Description of the task => In the listing below, locate the line with "OH license plate GQF5849" and the line with "Budweiser Arizona Diamondbacks", then output both and everything between them exactly, minus any pictures.

Records for this task =>
[Start of section]

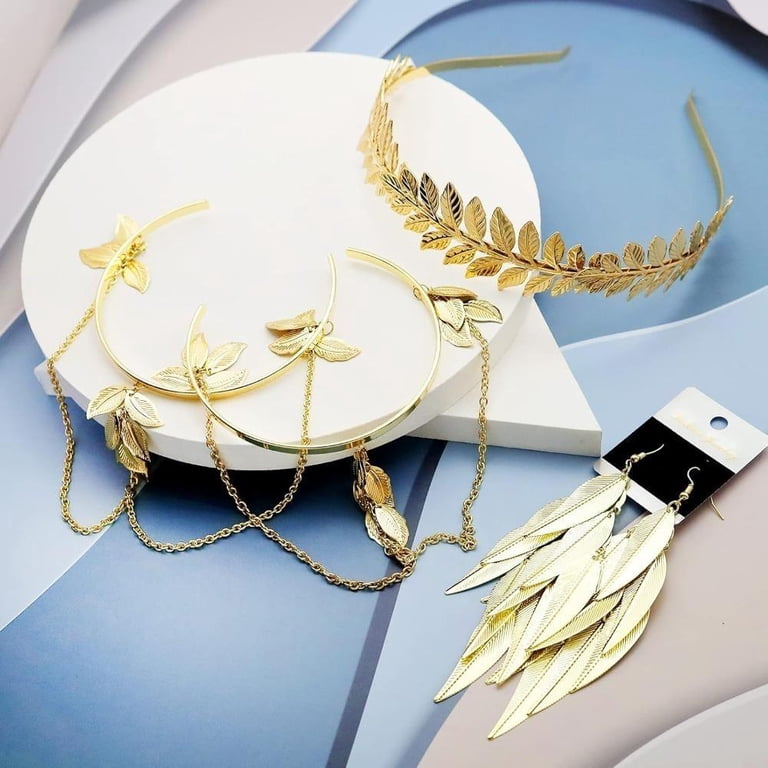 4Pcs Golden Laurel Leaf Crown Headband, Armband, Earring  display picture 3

[End of section]
[Start of section]

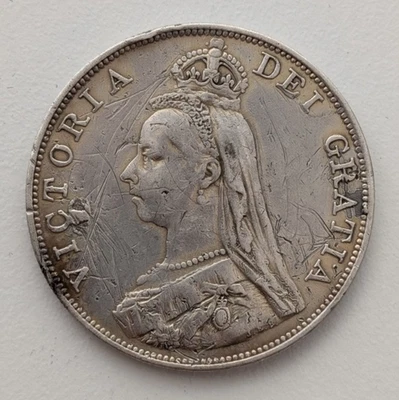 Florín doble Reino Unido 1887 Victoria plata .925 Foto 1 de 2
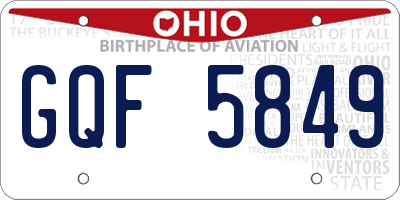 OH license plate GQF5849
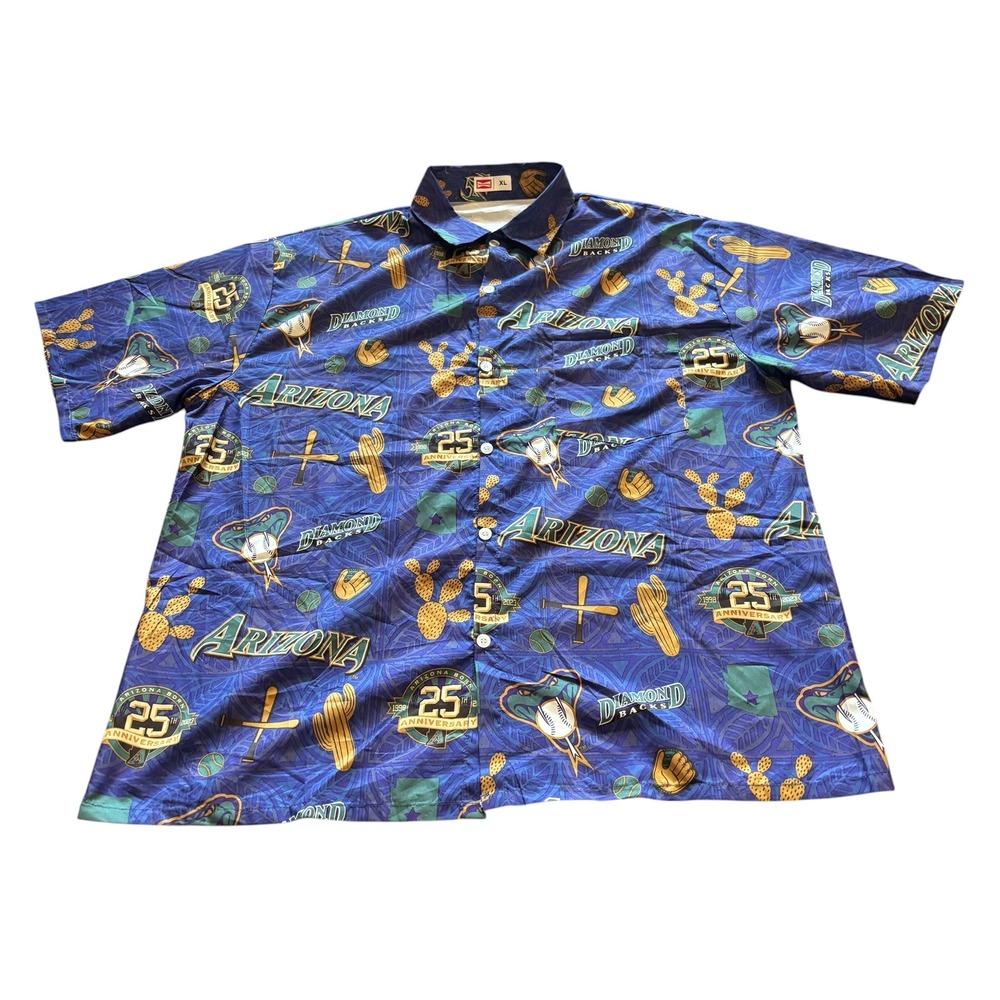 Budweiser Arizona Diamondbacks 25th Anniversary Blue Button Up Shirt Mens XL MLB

[End of section]
[Start of section]

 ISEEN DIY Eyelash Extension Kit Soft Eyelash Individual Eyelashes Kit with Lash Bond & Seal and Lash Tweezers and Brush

[End of section]

Response to this exercise =>
 OH license plate GQF5849
 Budweiser Arizona Diamondbacks 25th Anniversary Blue Button Up Shirt Mens XL MLB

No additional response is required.